Directions for this task
Without the pictures, output the records below exactly as they are.

Materials provided
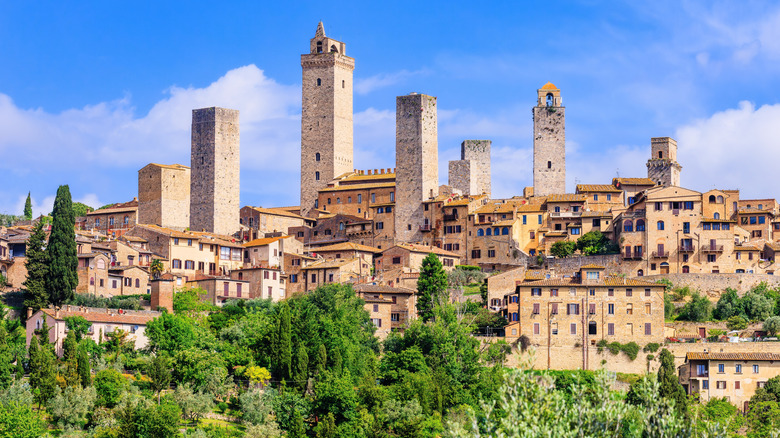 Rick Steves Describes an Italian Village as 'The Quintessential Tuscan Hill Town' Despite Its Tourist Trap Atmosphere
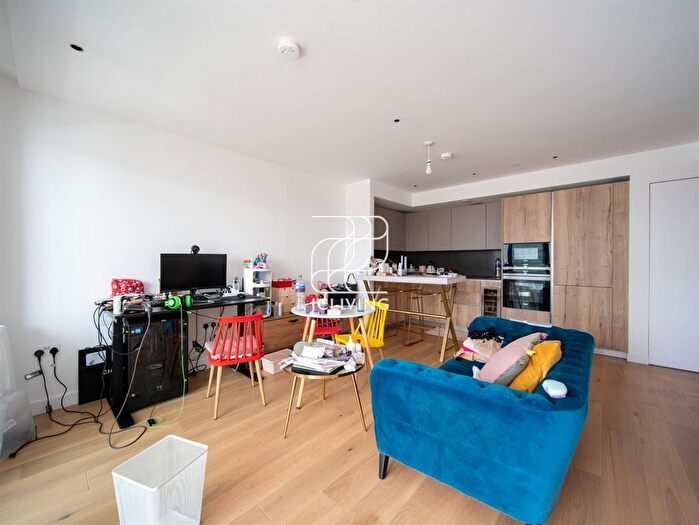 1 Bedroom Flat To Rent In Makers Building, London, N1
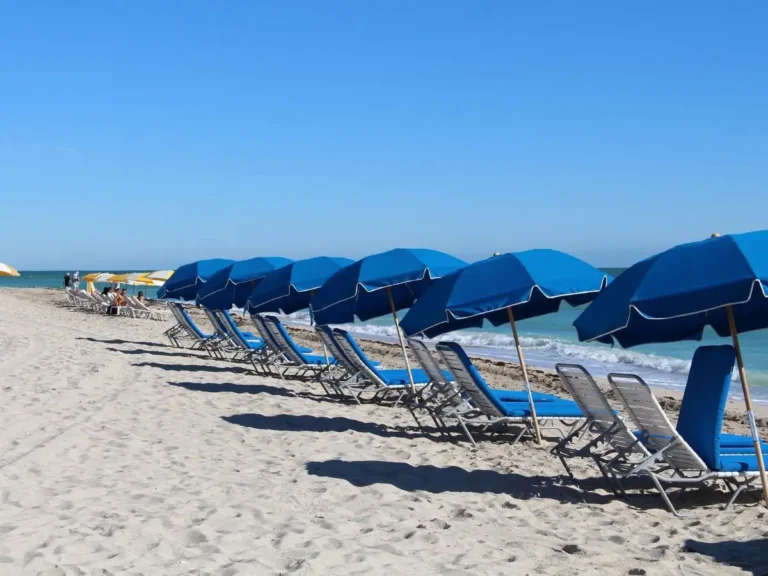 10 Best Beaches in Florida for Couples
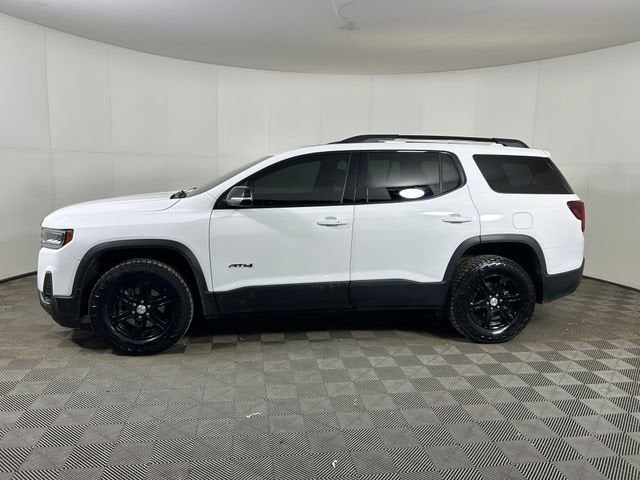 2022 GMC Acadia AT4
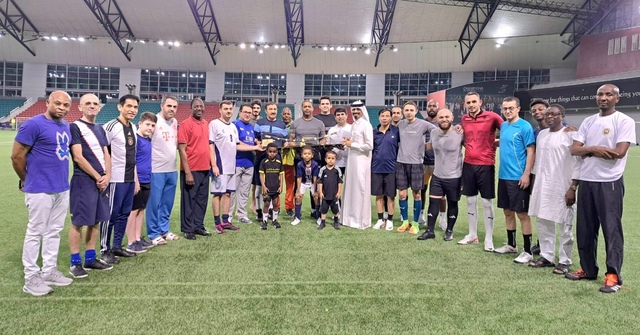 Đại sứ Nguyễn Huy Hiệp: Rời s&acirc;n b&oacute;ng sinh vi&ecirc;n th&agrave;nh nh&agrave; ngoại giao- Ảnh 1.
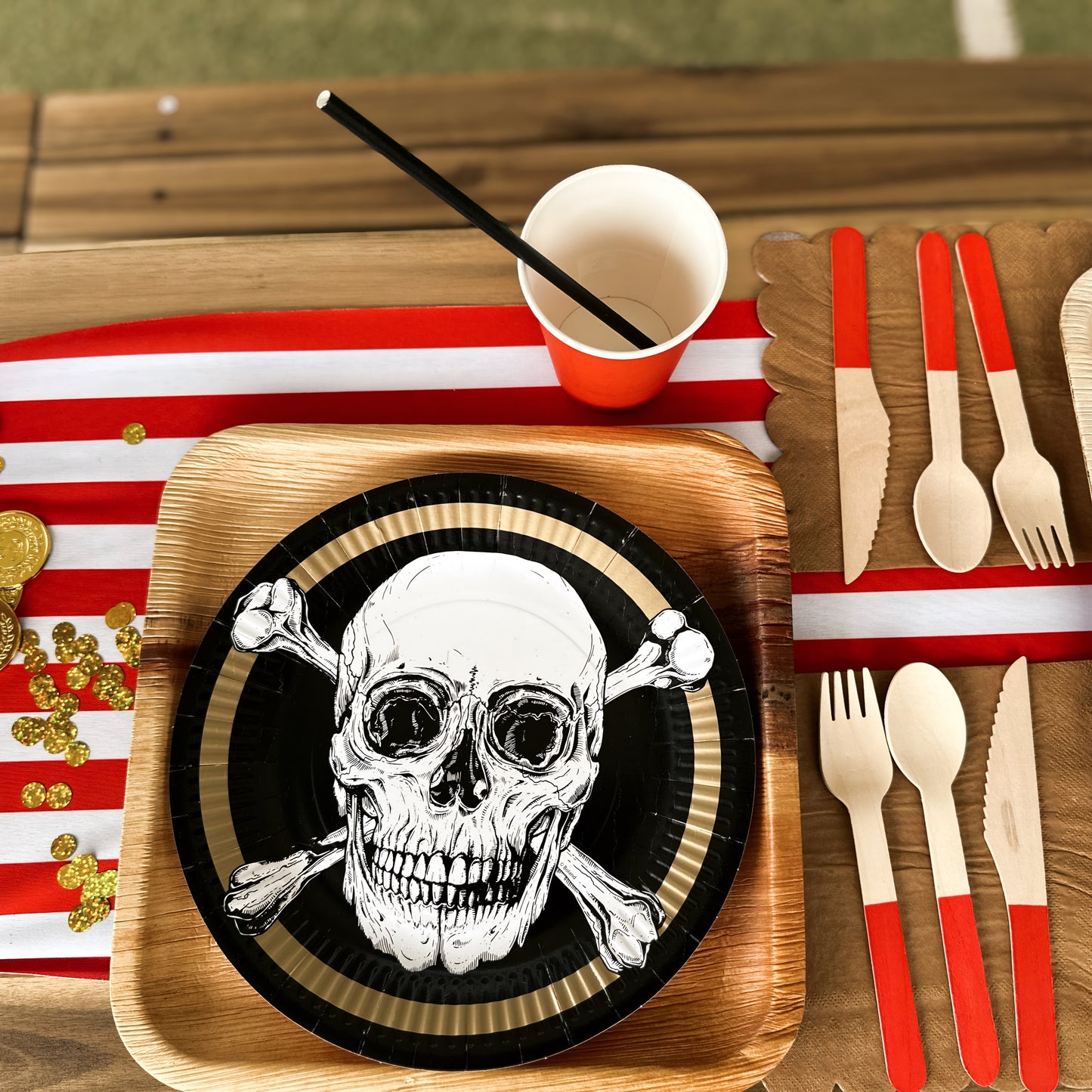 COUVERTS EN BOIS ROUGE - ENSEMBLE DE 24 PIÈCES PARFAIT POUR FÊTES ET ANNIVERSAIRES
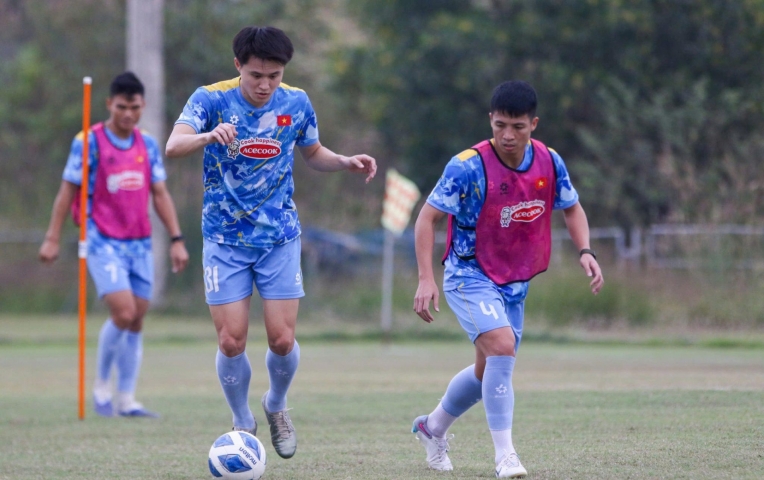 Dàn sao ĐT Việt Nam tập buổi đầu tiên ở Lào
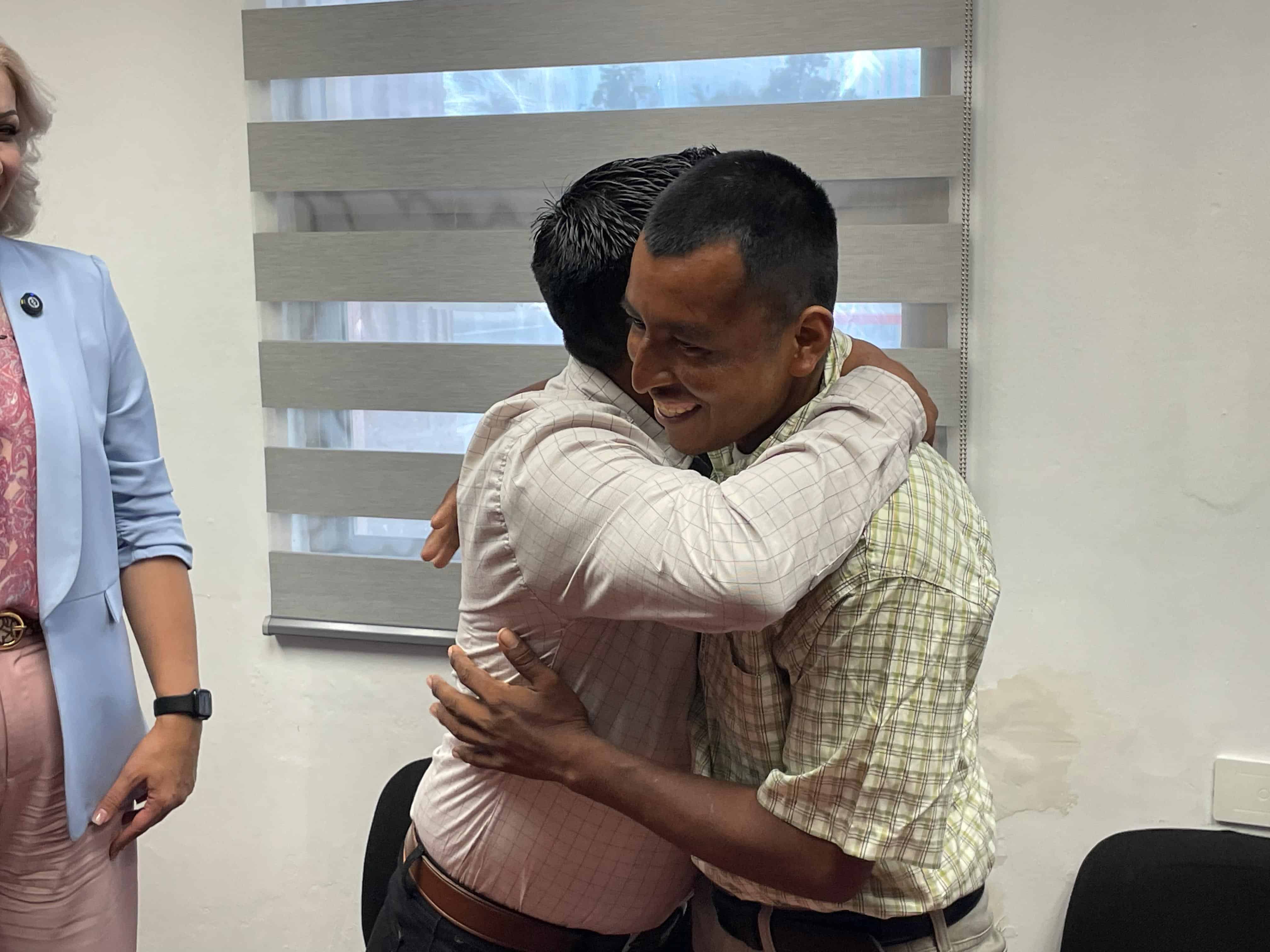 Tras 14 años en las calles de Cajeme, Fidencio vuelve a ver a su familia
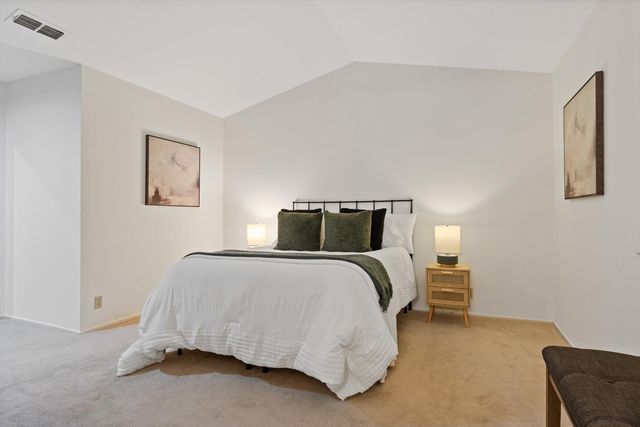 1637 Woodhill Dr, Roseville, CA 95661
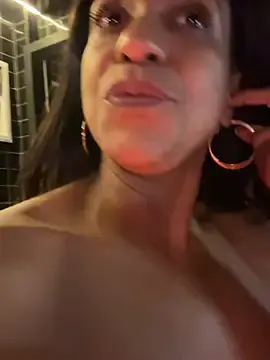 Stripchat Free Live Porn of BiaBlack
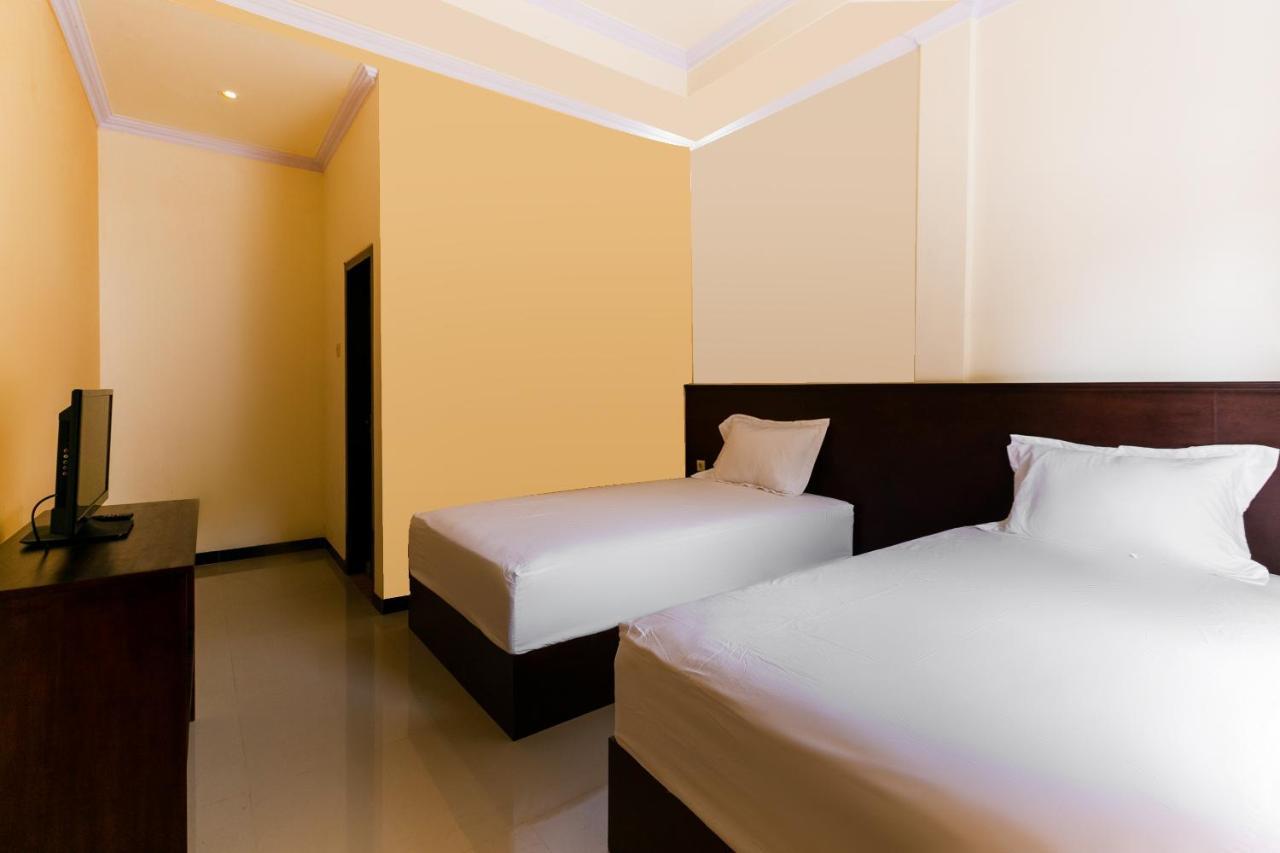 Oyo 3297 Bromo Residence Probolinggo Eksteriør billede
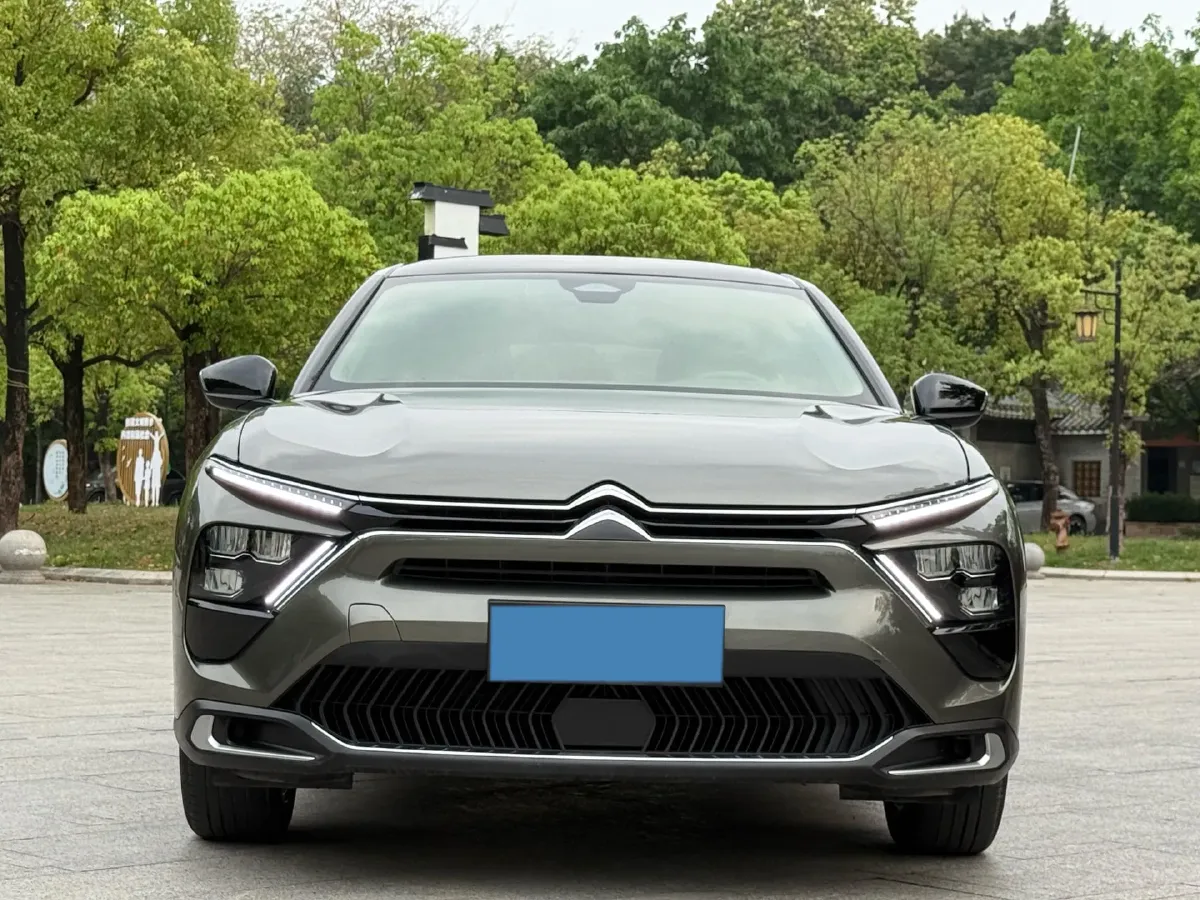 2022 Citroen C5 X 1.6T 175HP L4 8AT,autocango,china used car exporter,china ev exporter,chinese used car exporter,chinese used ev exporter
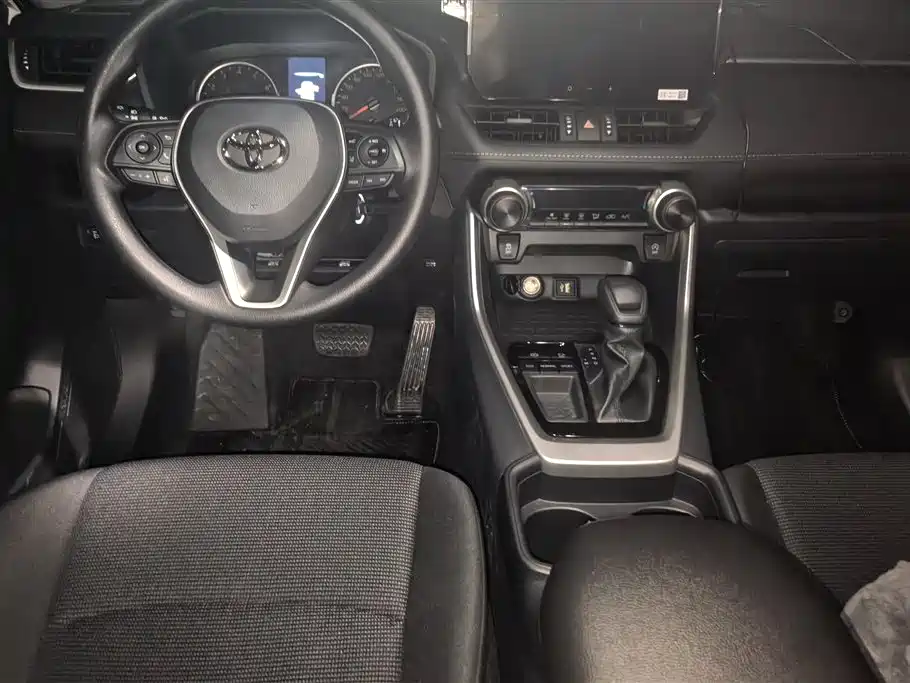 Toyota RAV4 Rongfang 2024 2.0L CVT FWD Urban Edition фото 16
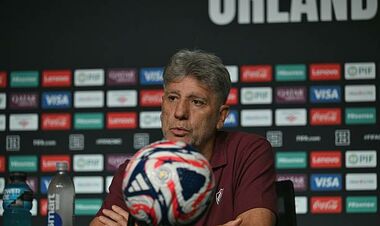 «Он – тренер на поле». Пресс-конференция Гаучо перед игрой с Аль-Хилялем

Your solution
 Rick Steves Describes an Italian Village as 'The Quintessential Tuscan Hill Town' Despite Its Tourist Trap Atmosphere
 1 Bedroom Flat To Rent In Makers Building, London, N1
 10 Best Beaches in Florida for Couples
 2022 GMC Acadia AT4
 Đại sứ Nguyễn Huy Hiệp: Rời s&acirc;n b&oacute;ng sinh vi&ecirc;n th&agrave;nh nh&agrave; ngoại giao- Ảnh 1.
 COUVERTS EN BOIS ROUGE - ENSEMBLE DE 24 PIÈCES PARFAIT POUR FÊTES ET ANNIVERSAIRES
 Dàn sao ĐT Việt Nam tập buổi đầu tiên ở Lào
 Tras 14 años en las calles de Cajeme, Fidencio vuelve a ver a su familia
 1637 Woodhill Dr, Roseville, CA 95661
 Stripchat Free Live Porn of BiaBlack
 Oyo 3297 Bromo Residence Probolinggo Eksteriør billede
 2022 Citroen C5 X 1.6T 175HP L4 8AT,autocango,china used car exporter,china ev exporter,chinese used car exporter,chinese used ev exporter
 Toyota RAV4 Rongfang 2024 2.0L CVT FWD Urban Edition фото 16
 «Он – тренер на поле». Пресс-конференция Гаучо перед игрой с Аль-Хилялем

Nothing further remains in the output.